|"The real problem is in giving the innumerable casual and informal dinners for which professionals are not only expensive, but inappropriate. The problem of limited equipment would not present great difficulty if the tendency of the age were toward a slower pace, but the opposite is the case; no one wants to be kept waiting a second at table, and the world of fashion is growing more impatient and critical instead of less." -- Emily Post, Etiquette|
Hostessing can be as much as a ten-person, ten-course sit-down dinner, or as small as a completely un-hyphenated beer on the front steps. Either event can be made as complicated or as simple as it is seen in the beholder’s eye.
“There’s a certain lady magic,” said my friend Cara once at a casual champagne brunch for 12, “that tells people when it’s time to stand up and help clear plates that I don’t have.”
She may have been wrong about her own possession of it, but she was right that there’s a certain instinct, whether for ladies, gentleman or barbarians in aprons, that lets people know how to eat, drink and be appropriately merry in pleasant company.

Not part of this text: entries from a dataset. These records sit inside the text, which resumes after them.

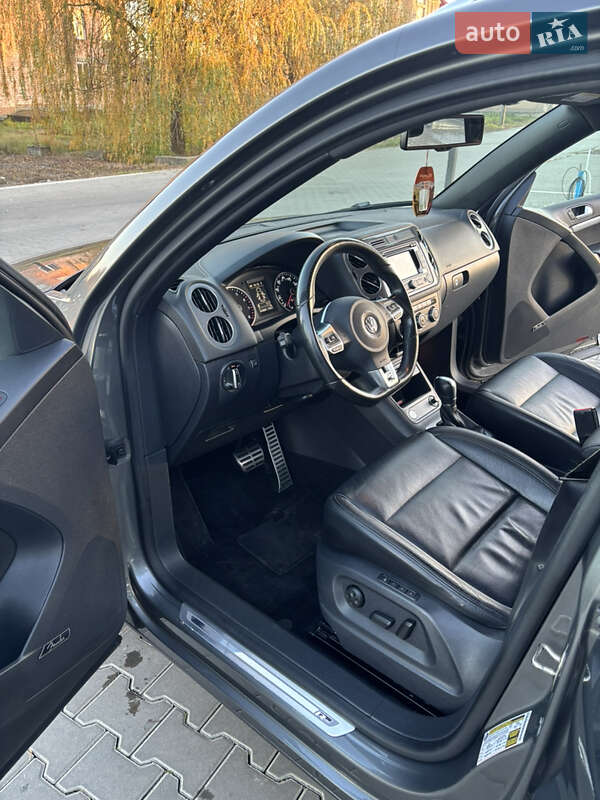 Внедорожник / Кроссовер Volkswagen Tiguan 2015 в Черновцах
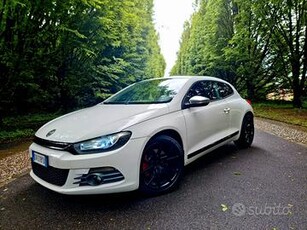 Volkswagen Scirocco 1.4 TSI 160CV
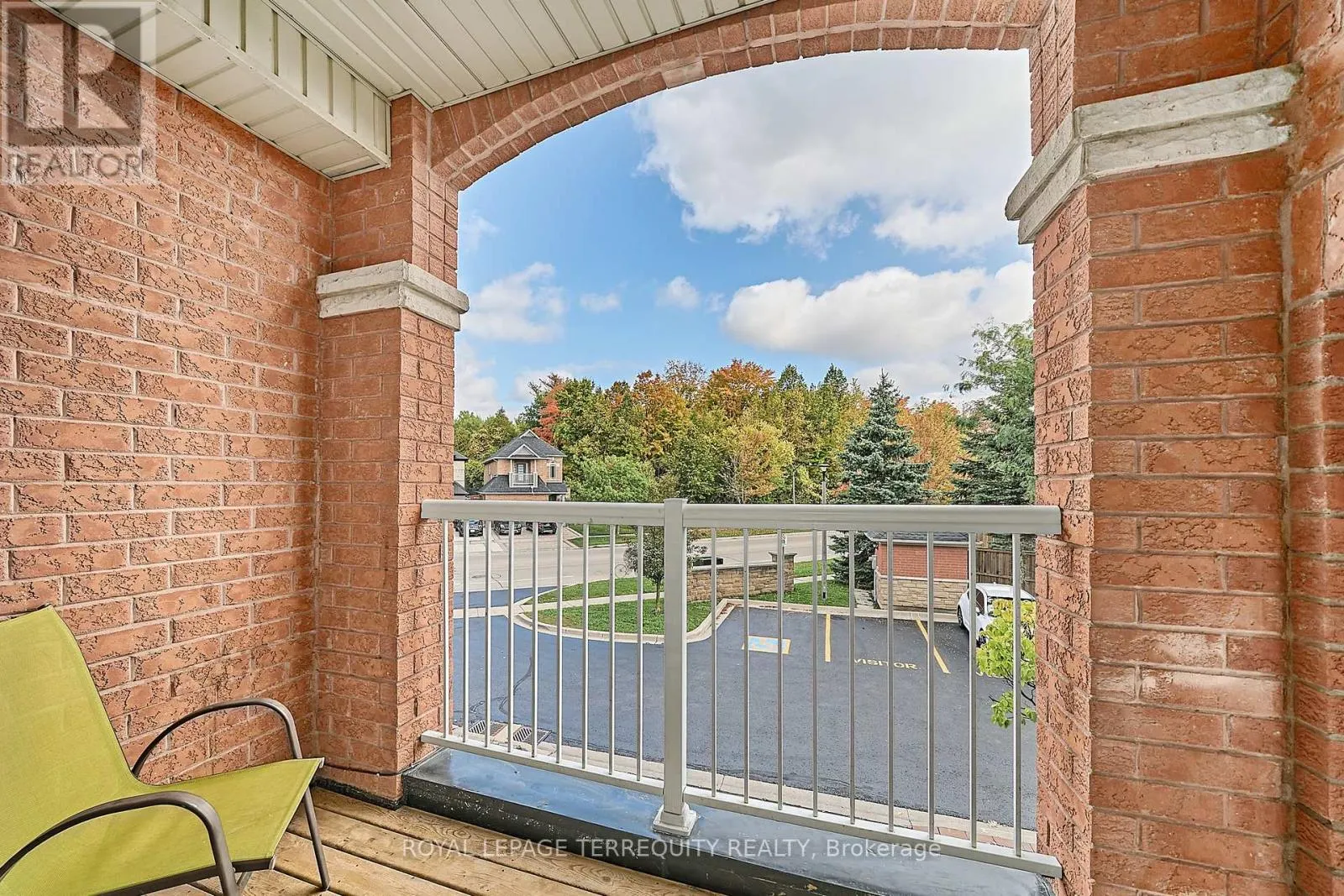 5 - 301 STROUDS LANE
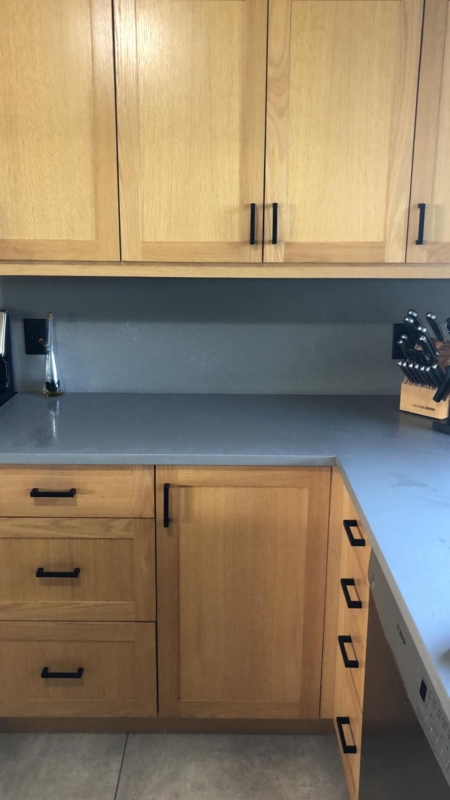 Modern Oak Slab Kitchen Cabinets with Gray Countertop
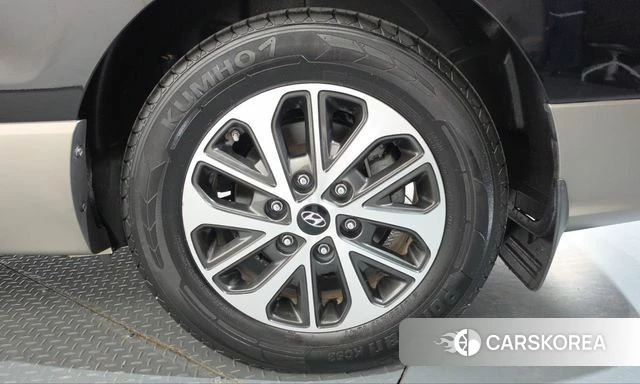 Hyundai The New Grand Starex id 4988406 из Кореи 13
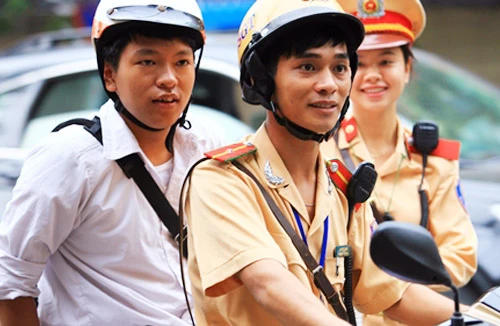 Chuyện về những ân nhân áo vàng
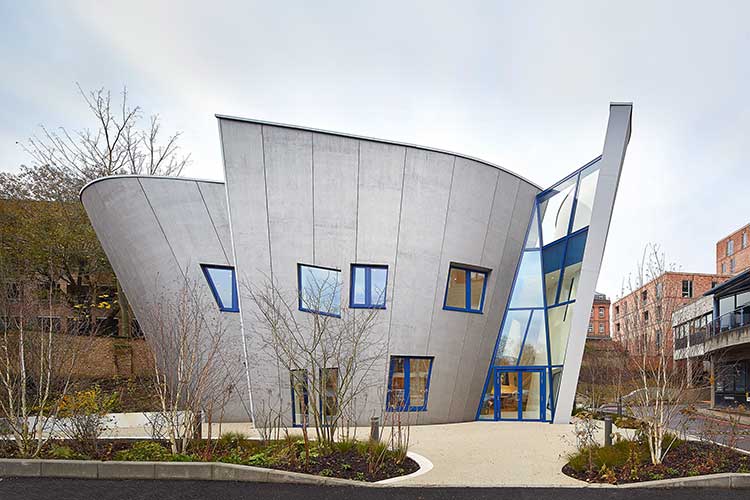 Das Bild zeigt das neue Maggie‘s Centre in Hampstead bei London, das Krebshilfezentrum des Royal Free Hospitals, dessen geneigte Außenwände für mehr Geschossfläche sorgen . 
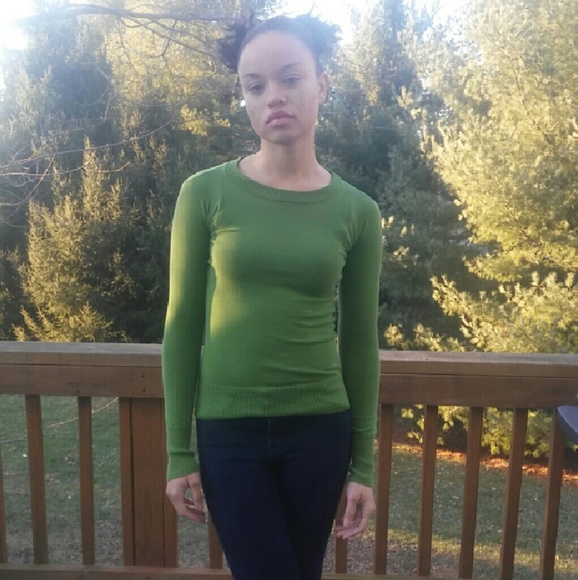 Green long sleeve shirt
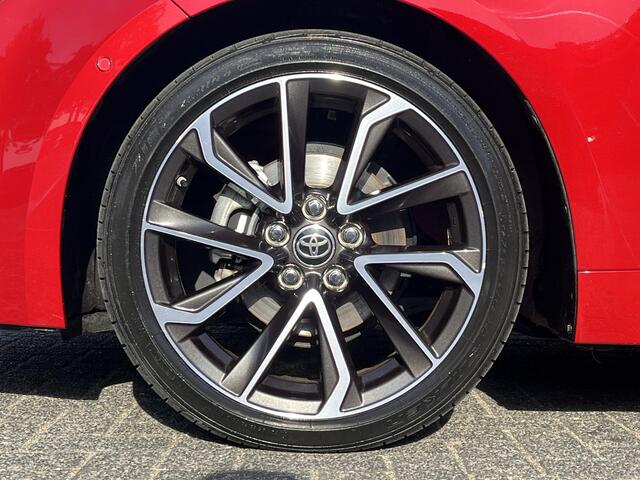 Toyota COROLLA 1.8 Hybrid Executive | Navigatie | Carplay | Parkeersensoren | Dode hoek waarschuwing | 18 inch LM-velgen |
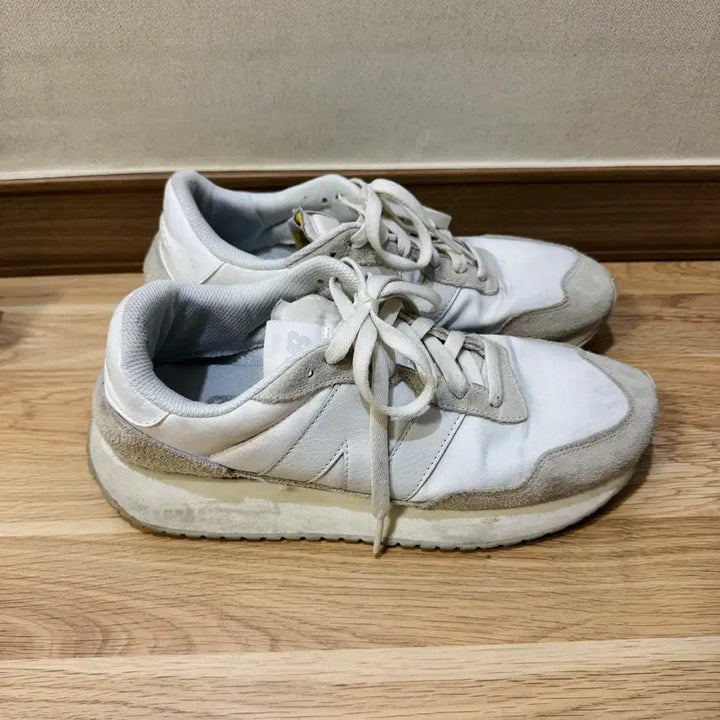 [BUNJANG] New Balance 237 White Beige Shoes / 뉴발 237 화이트베이지 280사이즈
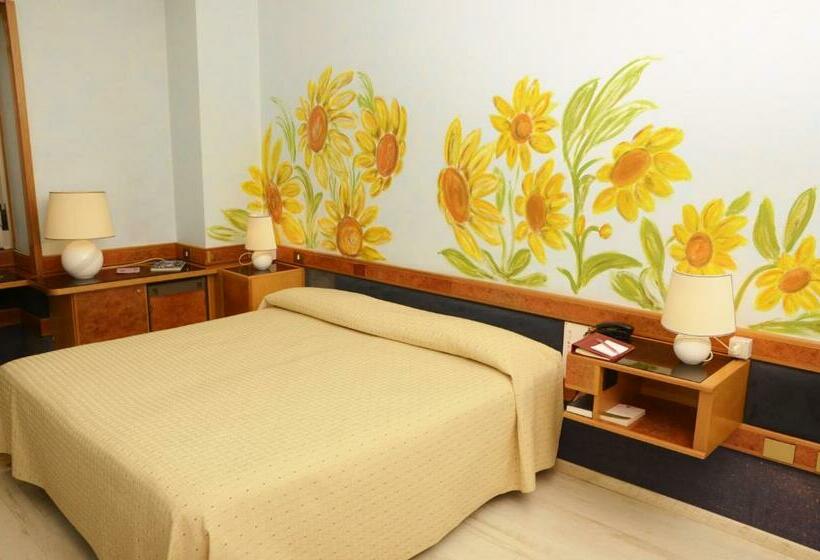 غرفة قياسية, Diplomatic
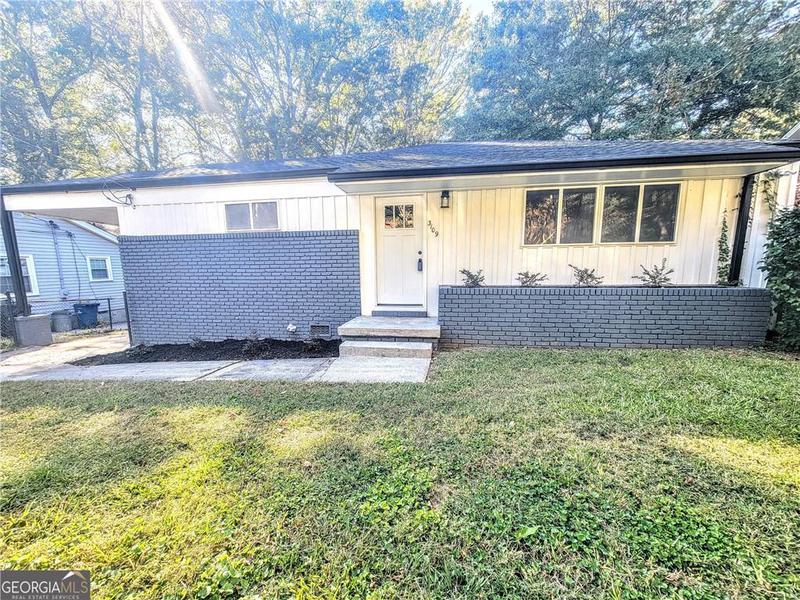 Image for property 3109 Cloverhurst Circle, East Point, GA 30344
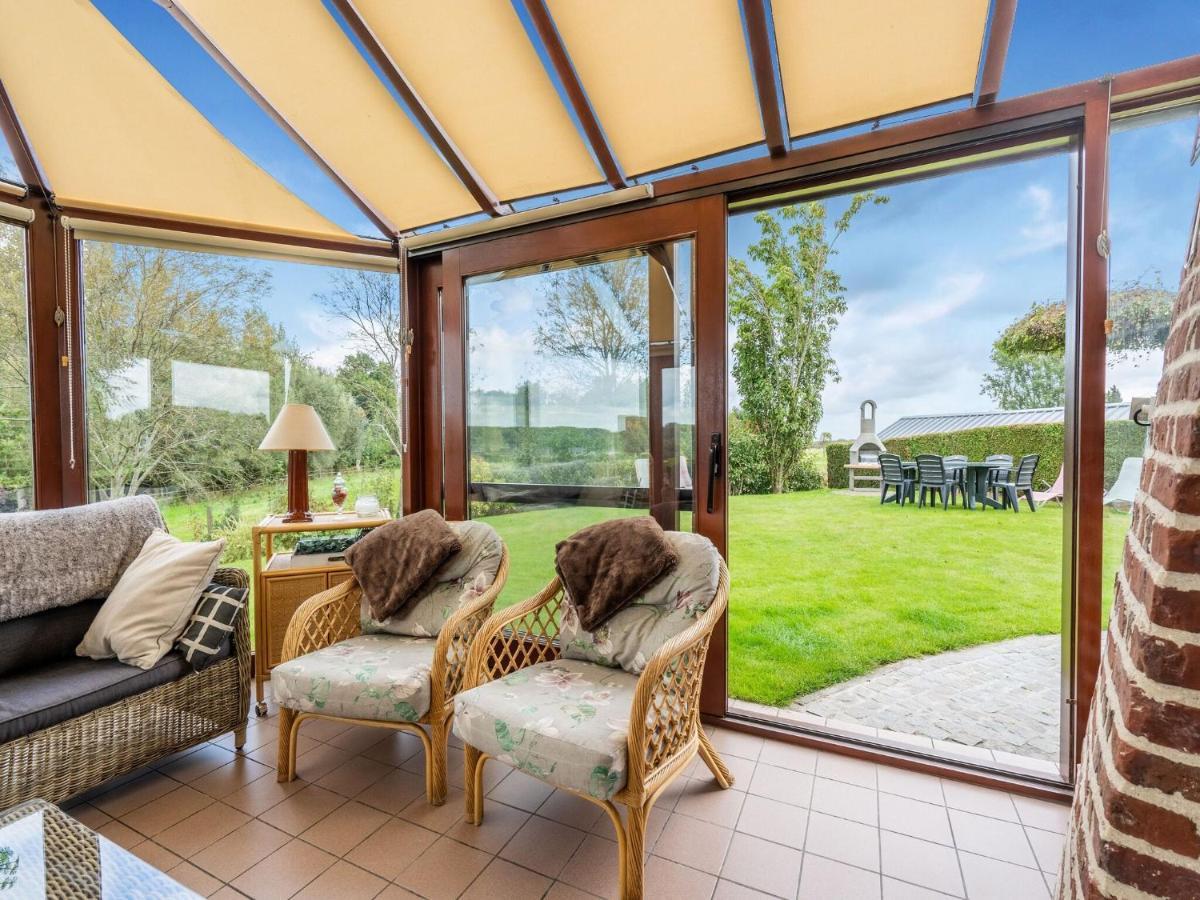 Stunning Holiday Home In Oombergen With Terrace And Garden Zottegem Екстериор снимка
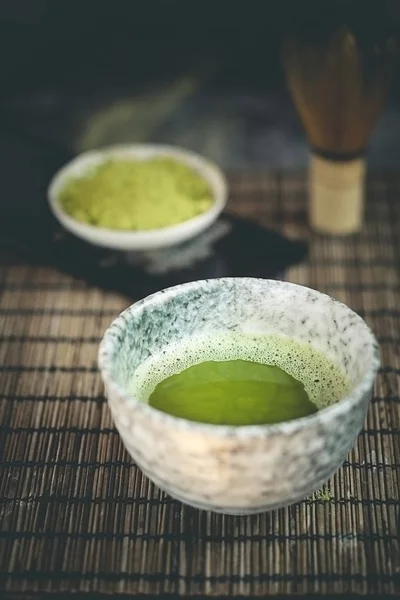 Closeup Chá Matcha Japonês Matcha Batedor Chá Sobre Fundo Madeira — Fotografia de Stock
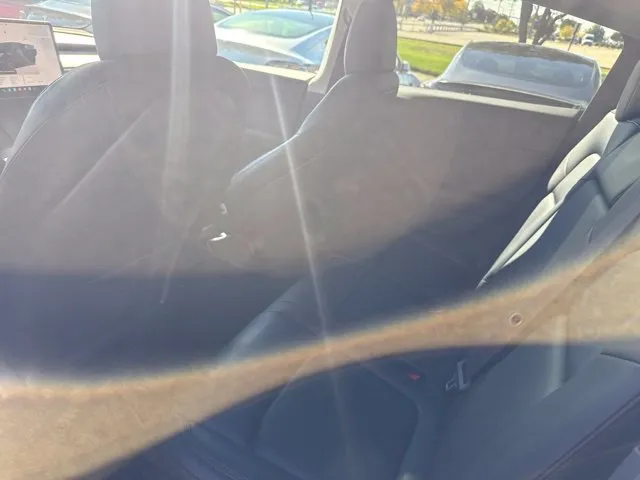 Tesla Model Y photo 14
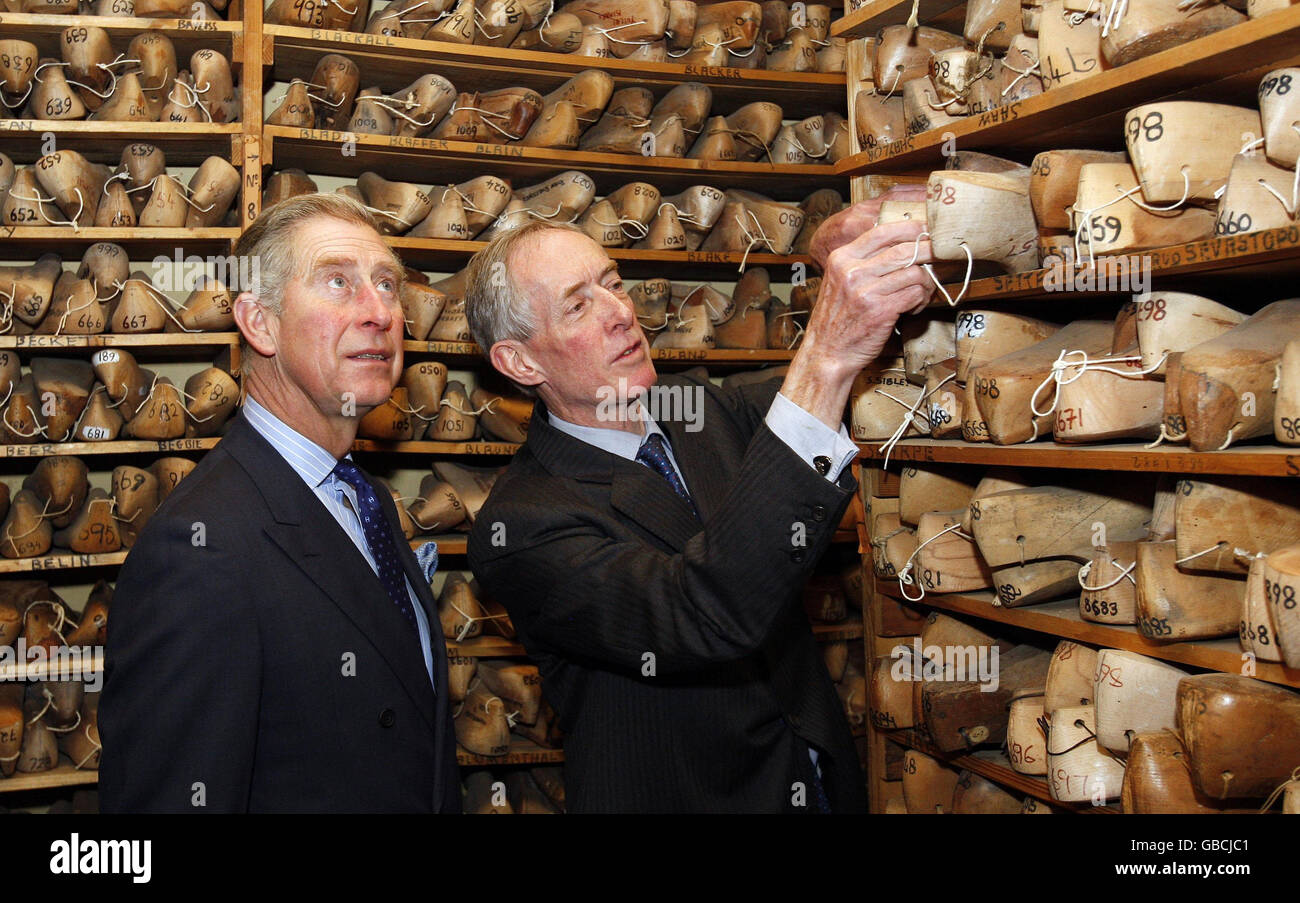 Le Prince de Galles (à gauche) est présenté des bois de la durée par le cobbler John Lobb lors d'une visite à son atelier dans le centre de Londres. Banque D'Images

If you feel that something missing in your nature or nurture precludes you from having people over to your studio, townhouse or mansion and hosting them comfortably, then welcome.
Hosts is the new sister site to Posts on Post, an urban etiquette guide for people living, commuting and socializing in a city that is far too often rude. In short, how to behave. Here, rather than day to day etiquette, I’ll provide easy, accessible ideas for hosting polite company, no matter how limited your equipment, resources or space.
As someone who loves to entertain, but also loves throwing clothes on the floor, I have stumbled upon every shortcut, trick and last minute quick-fix in the book, all while keeping everyone’s wine glass full. In my years spent as a Corporate event planner, bridesmaid and poor man’s socialite, I’ve learned to be detailed, thorough and to not sweat anything smaller than the house being actually, literally on fire.
I hope this will resonate with you, and that you’ll try out some of my ideas while sending me some of your own. And of course, if there’s anything I can get you while you’re here, don’t be shy.